Petroleum Import Bill Falls Despite Rise in Crude Oil Purchases

Pakistan's petroleum import bill has declined modestly during the current fiscal year, but a rise in crude oil purchases alongside uneven trends across fuel categories points to a shifting energy demand rather than a decisive easing of external pressures.

According to data released by the Pakistan Bureau of Statistics, the total import bill for the petroleum group fell by 4.39 percent to $9.046 billion during July-January FY2025-26, compared with $9.462 billion in the same period last year.

The overall reduction was driven largely by a sharp contraction in liquefied natural gas (LNG) imports, which dropped by 26.20 percent to $1.625 billion. Liquefied petroleum gas (LPG) purchases also declined by 4.98 percent to $609.843 million, while imports of refined petroleum products edged down by 1.81 percent to $3.428 billion.

In contrast, crude oil imports moved in the opposite direction.
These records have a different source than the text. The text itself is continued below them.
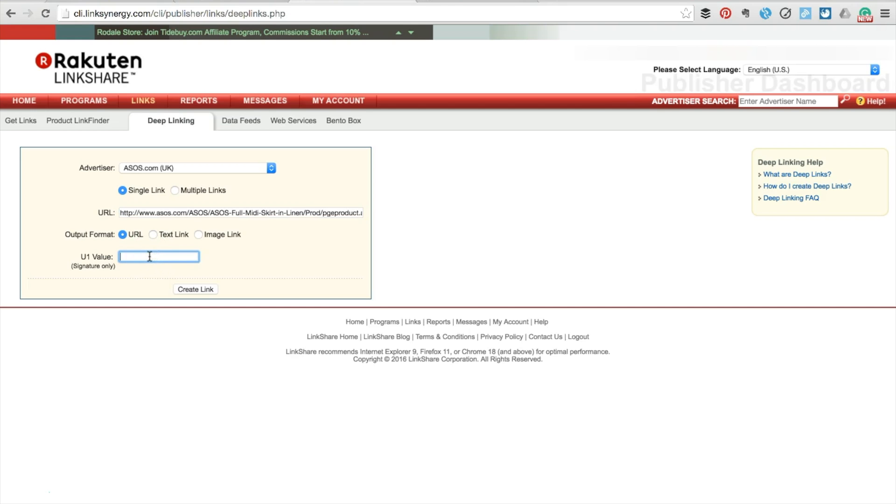In the UI value or signature box, type in something to help you identify the link in reports later. This can be anything you like. I'm typing in pink skirt.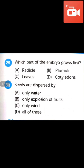Seeds are dispersed by water, explosion of fruit, wind, and all of these. Answer will be D — all of these. Seeds are dispersed by water, wind, and explosion method. Thank you friends!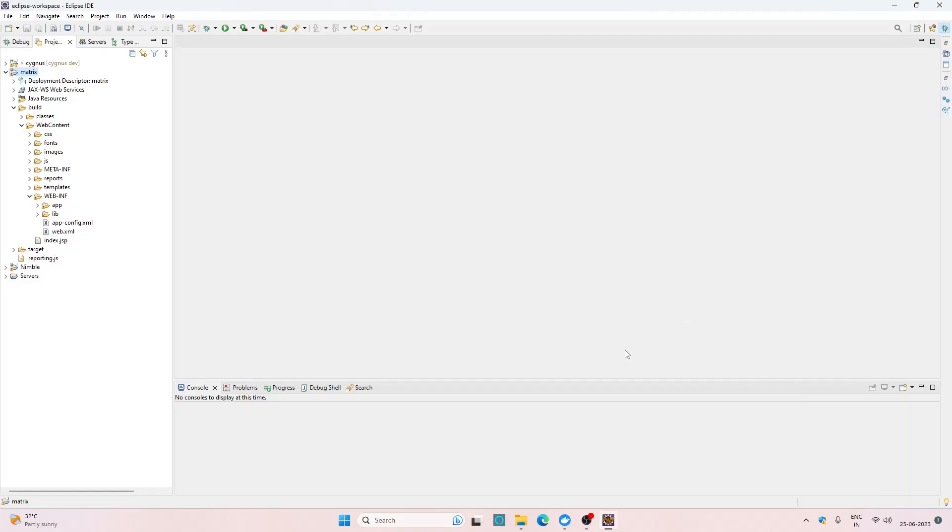Hi, welcome to my channel. Today in this video we are going to see how we can build a Docker image from an existing Spring Boot web application and we will also see how we can run a container using that image through Docker Desktop. So without any delay, let's get started.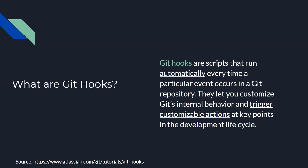But, so what are Git hooks? Why did I want to talk about them? So Git hooks are scripts that run automatically every time there's an event occurring in your Git repository. Let's say you want to merge, you want to commit, you want to push, you want these hooks to work whenever you do such things. And I got this definition from Atlassian, which are the builders of Bitbucket.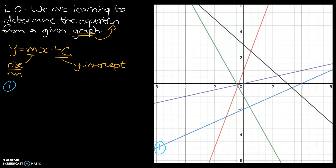The first step is to figure out what the y-intercept is. Our equation is going to be y equals the gradient times x plus or minus the y-intercept. By looking at the graph, we can see that straight line — graph number one — intercepts the y-axis at negative two.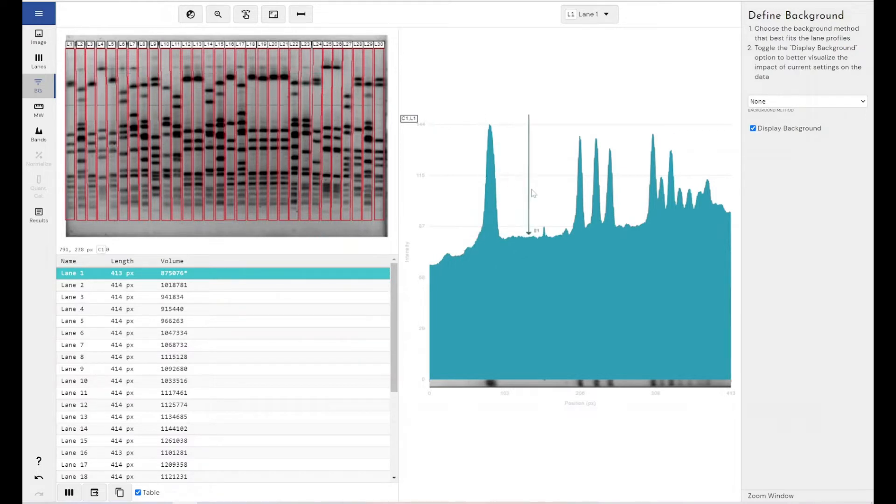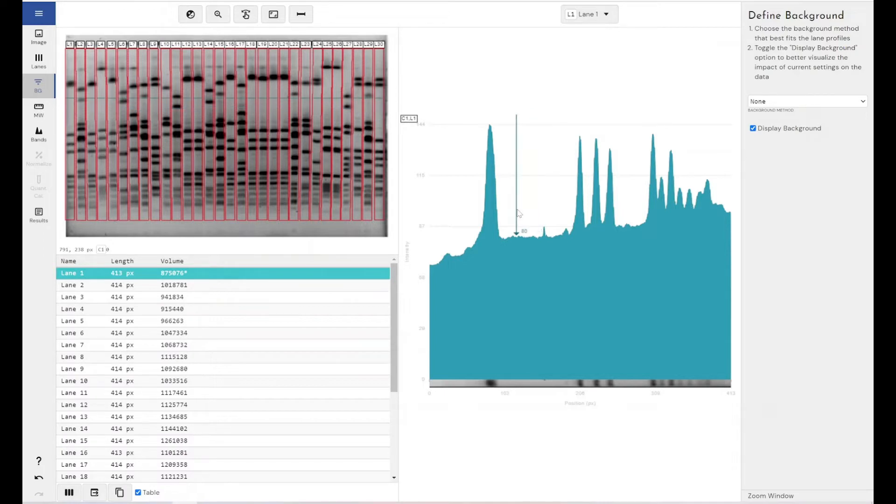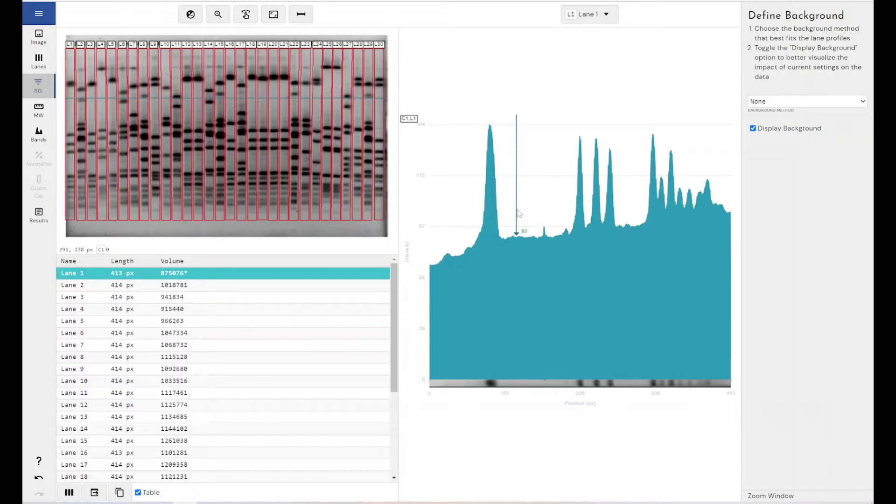Now, an issue with applying background removal at the same value across the length of our lane is you can see the background level changes along the length of our lane. This is very common. It's very unusual to have an image where all background is the same value and you can just subtract it.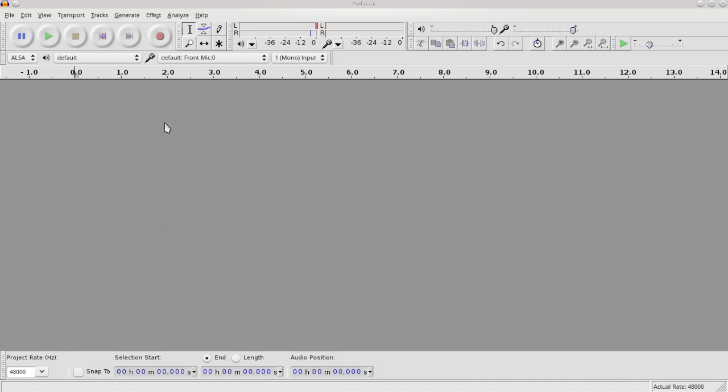So I'm going to just record a slightly basic sentence and then what I'm going to do is clean it up a little bit using the noise removal feature. But I'm going to go into some of the other tools that you can use in Audacity as well.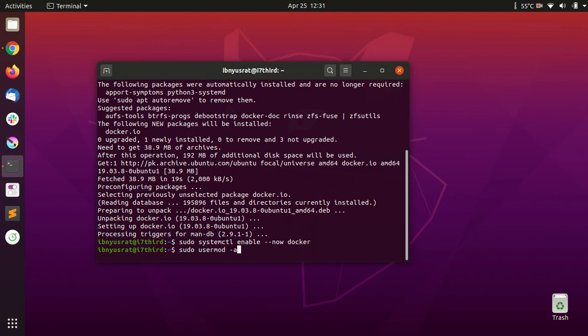sudo usermod -aG docker and then your username. You can enter your username or just type the dollar sign with all caps USER, or just write your username. That's pretty much it. This seems to be ready now.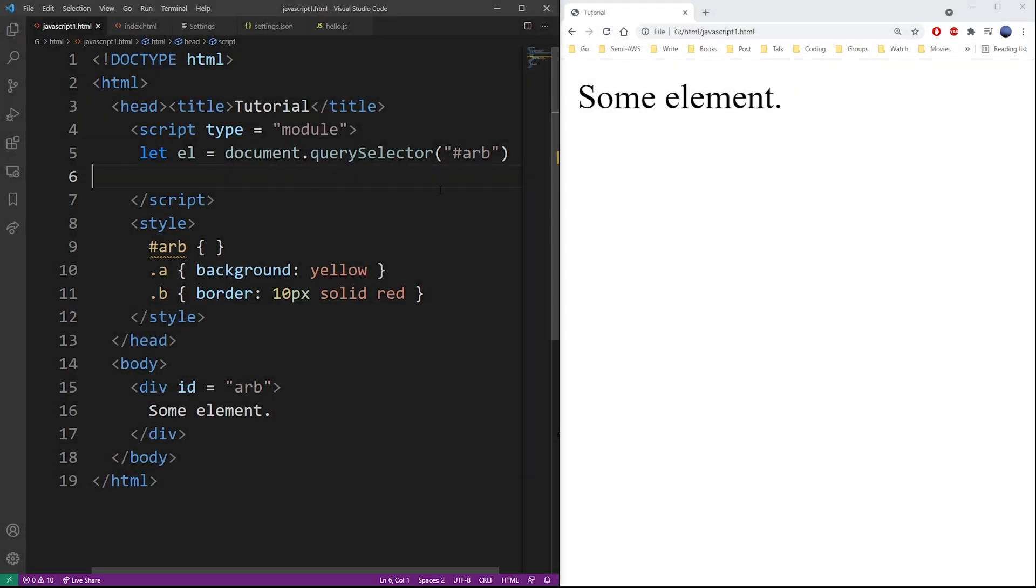JavaScript also exposes the class name property. So there's another way of doing it is simply by accessing the element class name property. It's a direct link to the class name.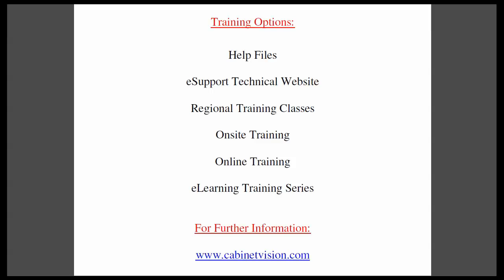If you would like someone to come on-site to your location and train your team this can be arranged. Online training is a very convenient method for training over the internet. The eLearning training series is a series of topics which you can purchase online and download for immediate use. If you have questions about this or anything else please go to our website cabinetvision.com. We look forward to you joining us next time. Thank you for watching.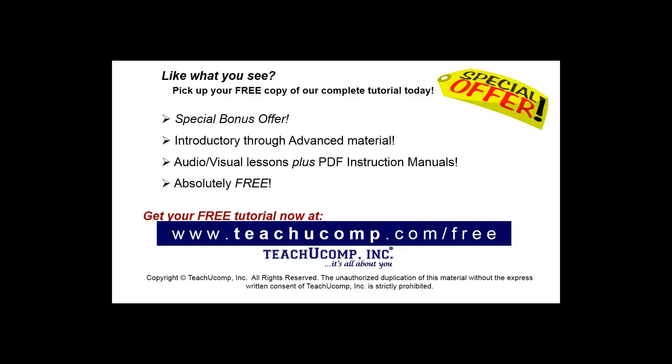Like what you see? Pick up your free copy of the complete tutorial at www.teachyoucomp.com forward slash free.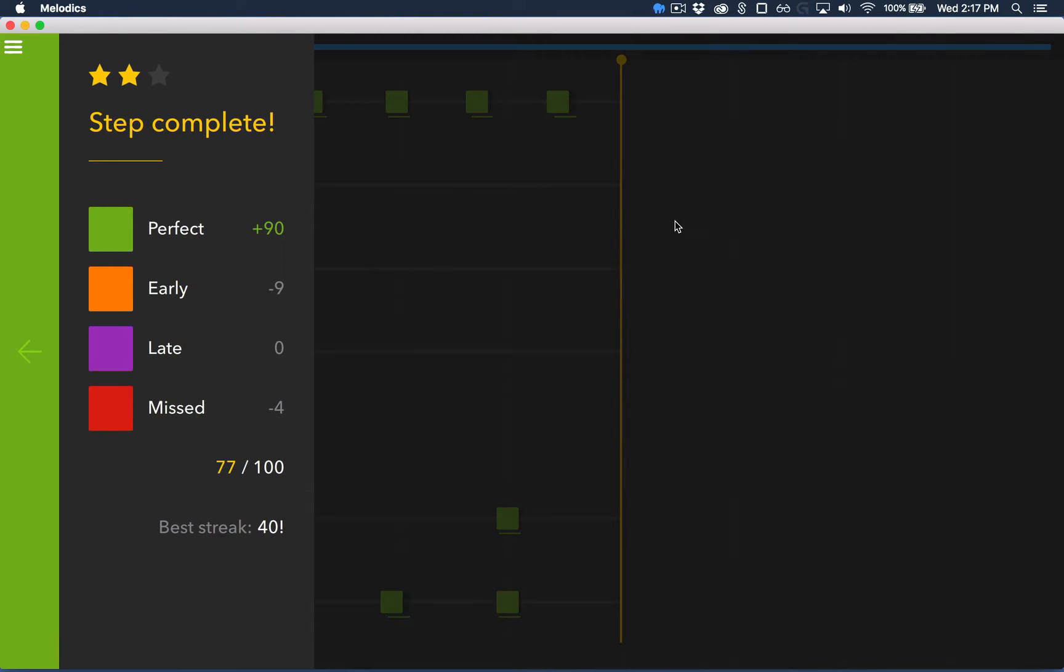And there you go. 77 out of 100. Not too bad. And that completes the step. Thanks a lot for watching and go download Melodix.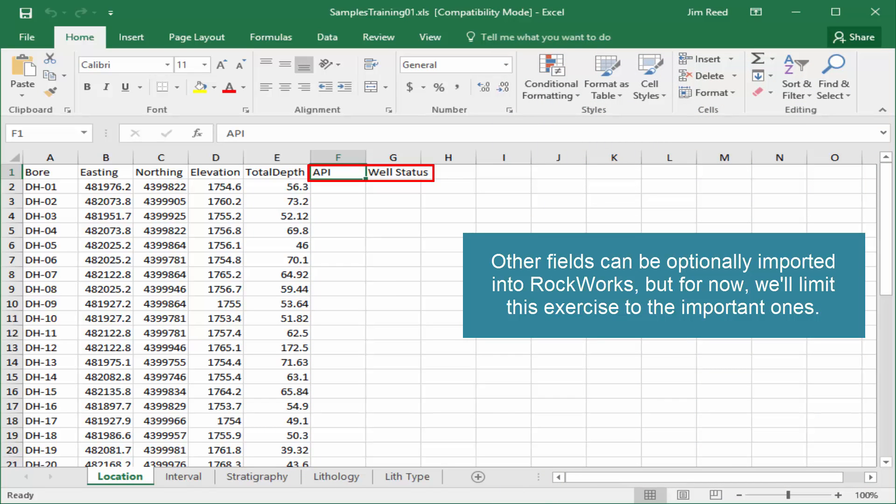Other fields can be optionally imported into RockWorks, but for now, we'll limit this exercise to the important ones.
Purchases of petroleum crude rose by 8.22 percent, reaching $3.383 billion during the seven-month period, suggesting a possible shift toward domestic refining or changes in consumption patterns.

Short-term data indicates a sharper contraction in recent months. On a year-on-year basis, the petroleum import bill for January 2026 fell by 22.82 percent to $1.060 billion, down from $1.374 billion in January 2025. On a month-on-month basis, imports declined even more steeply by 32.47 percent compared with December 2025 levels.

These divergent movements within the energy import basket highlight a complex adjustment. While reduced spending on gas and refined fuels has lowered the aggregate bill, increased reliance on crude oil signals evolving supply strategies rather than a broad-based decline in energy demand.

The data suggests that Pakistan's external account may be benefiting from selective compression in energy imports. Yet the underlying composition points to continued dependence on imported fuels, with adjustments occurring more in form than in scale.